Streit um Stablecoin-Belohnungen
Anthony Scaramucci und Brian Armstrong argumentieren, dass das Verbot von Stablecoin-Belohnungen weniger mit finanzieller Stabilität zu tun hat, sondern vielmehr darauf abzielt, bestehende Banken vor Konkurrenz zu schützen. Dies könnte potenziell aufstrebende Märkte dazu drängen, alternative monetäre Systeme zu nutzen. Diese Bedenken werden laut, während China Zinsen auf digitale Yuan-Einlagen erlaubt.
Scaramucci warnte, dass das Verbot von Erträgen auf Stablecoins im vorgeschlagenen CLARITY-Gesetz der Vereinigten Staaten die globale Wettbewerbsfähigkeit des US-Dollars schwächen könnte, insbesondere da China die Einführung seiner ertragsbringenden digitalen Währung beschleunigt.
Strukturelle Probleme im US-Finanzsystem
In seiner Antwort auf die Gesetzgebung argumentierte Scaramucci, dass das Verbot von Stablecoin-Belohnungen tiefere strukturelle Probleme im US-Finanzsystem widerspiegelt und das Risiko birgt, Einfluss an rivalisierende monetäre Systeme abzugeben. Er erklärte, dass die Einschränkung für Krypto-Börsen und Dienstleister, die Erträge auf Stablecoins im Rahmen des CLARITY-Gesetzes anbieten, darauf abzielt, bestehende Banken vor Konkurrenz zu schützen, anstatt die finanzielle Stabilität zu gewährleisten.
Seiner Meinung nach wehren sich traditionelle Banken gegen Stablecoin-Emittenten, weil ertragsbringende digitale Dollar-Einlagen aus dem Bankensystem abziehen könnten.
Chinas Strategie und der globale Wettbewerb
Er stellte diesen Ansatz Chinas Strategie gegenüber und fragte, warum aufstrebende Märkte ein Zahlungs- und Abwicklungssystem wählen sollten, das keine Erträge bietet, wenn es Alternativen gibt. Dieser Vergleich gewann an Dringlichkeit, nachdem die People’s Bank of China im Januar begonnen hatte, kommerziellen Banken zu erlauben, Zinsen auf digitale Yuan-Einlagen zu zahlen, was die zentrale digitale Währung Chinas für Sparer und Institutionen attraktiver machte.
Warnungen von Brian Armstrong
Ähnliche Bedenken äußerte Brian Armstrong, der CEO von Coinbase. Er warnte, dass das Verbot von Erträgen auf in den USA ansässigen Stablecoins die Position des Dollars auf den Devisenmärkten untergräbt, indem es ihn weniger wettbewerbsfähig macht als Chinas digitalen Yuan. Armstrong argumentierte, dass Stablecoin-Belohnungen die Kreditdynamik nicht wesentlich verändern würden, jedoch eine wichtige Rolle dabei spielen würden, ob dollar-denominierte Stablecoins international konkurrieren können.
Regulatorische Maßnahmen und deren Auswirkungen
Armstrong und andere Branchenführer beschrieben das Ertragsverbot als bewussten Versuch, die Konkurrenz abzuwürgen, um den traditionellen Bankensektor zu schützen. Das Thema ist noch umstrittener geworden, da das CLARITY-Gesetz die Einschränkungen erweitert, die erstmals im GENIUS-Gesetz eingeführt wurden, welches einen regulatorischen Rahmen für US-Dollar-Stablecoins festlegte.

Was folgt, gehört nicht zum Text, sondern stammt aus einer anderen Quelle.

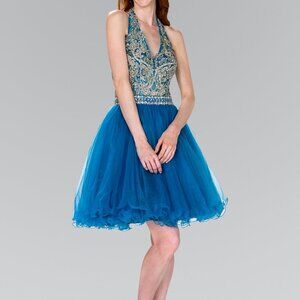 Halter Neck Sequined Prom Dress GS2382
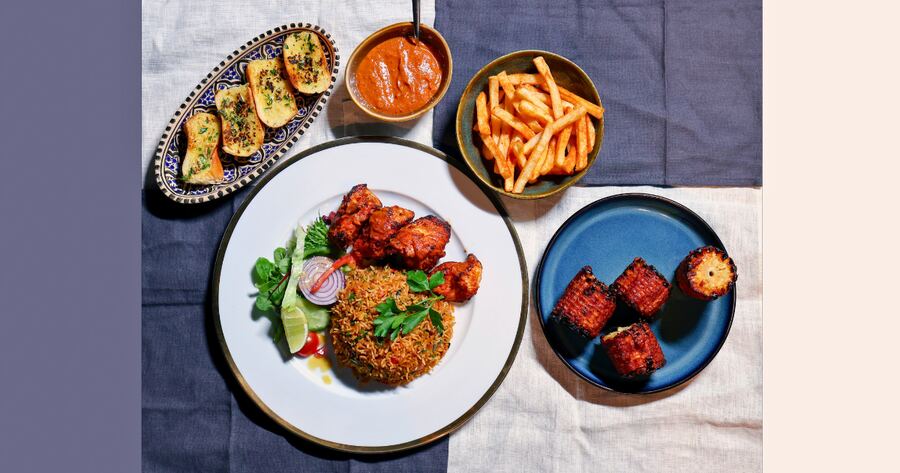 Hele piri piri oppdekningen ovenfra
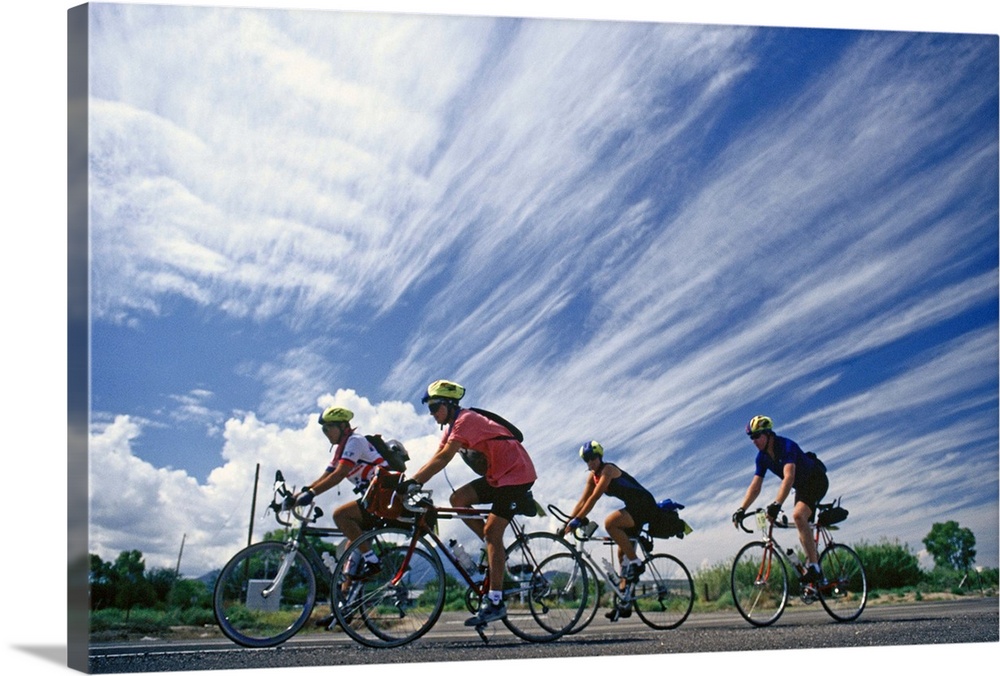 Cyclists racing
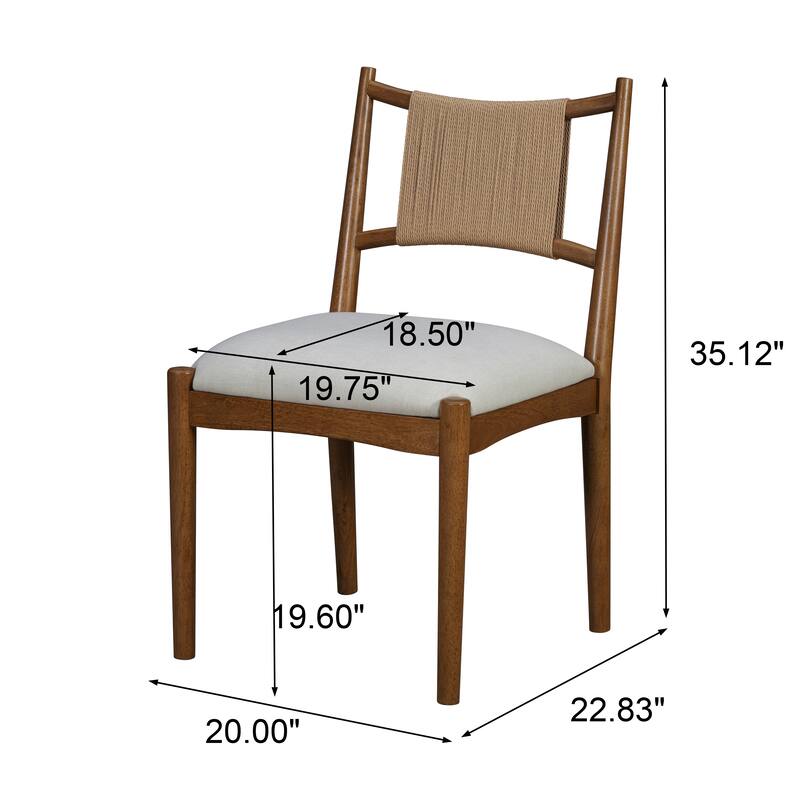 Christopher Knight Home - Mid-Century Set of 2 Upholstered Dining Chair with Woven Paper Rope Back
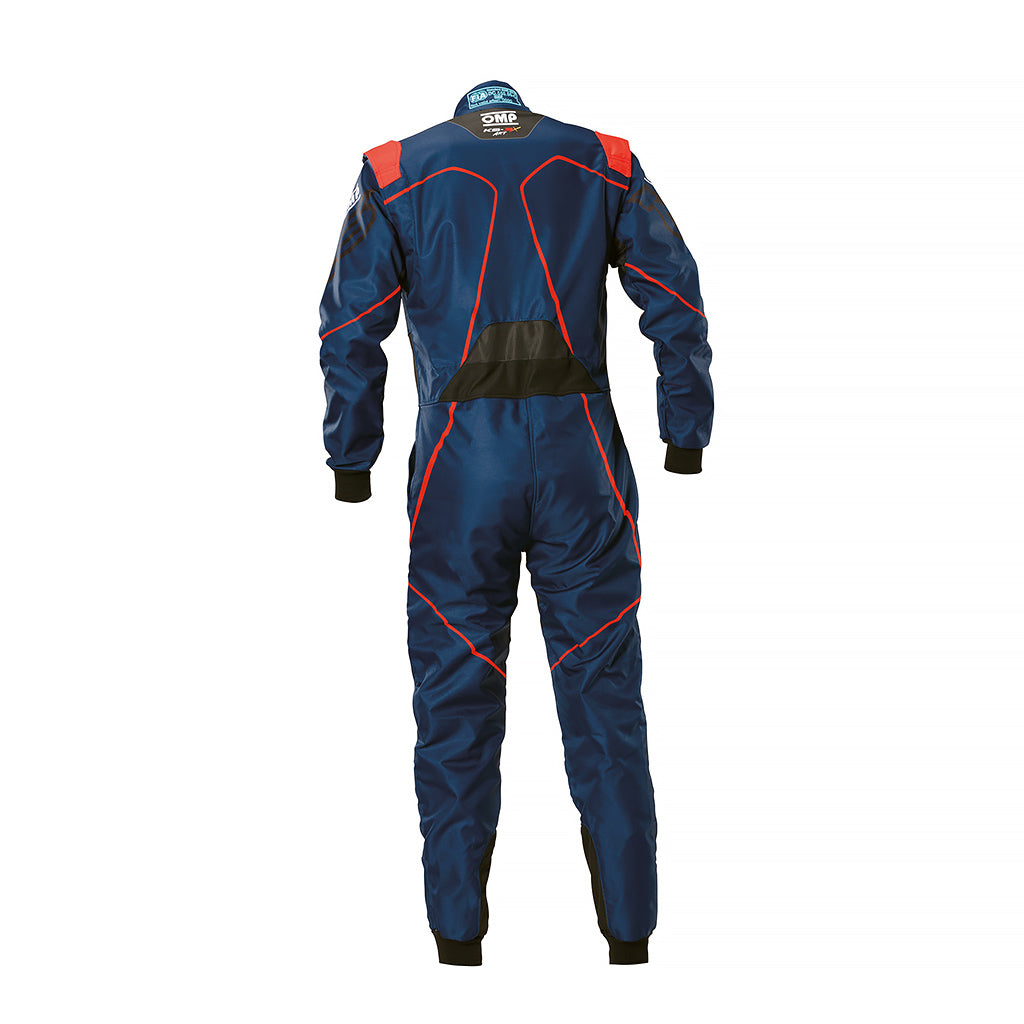 Blue racing suit with red accents on a white background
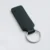 laser-engraved-leather-keyholder-rectangular-shape-dark-green Dark Green leather keyring with a stitched rectangular fob and silver metal ring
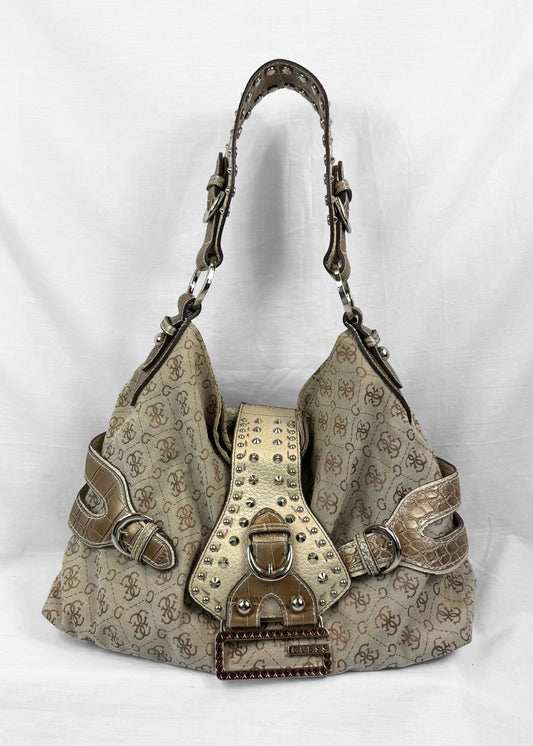 Vintage Rare Guess Bag in Cream Studded Slouchy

Während Gesetzgeber und Regulierungsbehörden die Maßnahmen als notwendig zur Sicherung der finanziellen Stabilität darstellen, argumentieren Kritiker, dass sie die Innovation ersticken könnten, zu einem Zeitpunkt, an dem der globale Wettbewerb um digitales Geld intensiver wird.
Einfluss auf traditionelle Banken
Brian Moynihan, CEO von Bank of America, äußerte während eines kürzlichen Gewinnaufrufs, dass die weit verbreitete Einführung von Stablecoins Einlagenabflüsse von traditionellen Banken in Höhe von bis zu 6 Billionen Dollar auslösen könnte. Ein solcher Wandel, warnte er, könnte die Kreditvergabe der Banken erheblich reduzieren.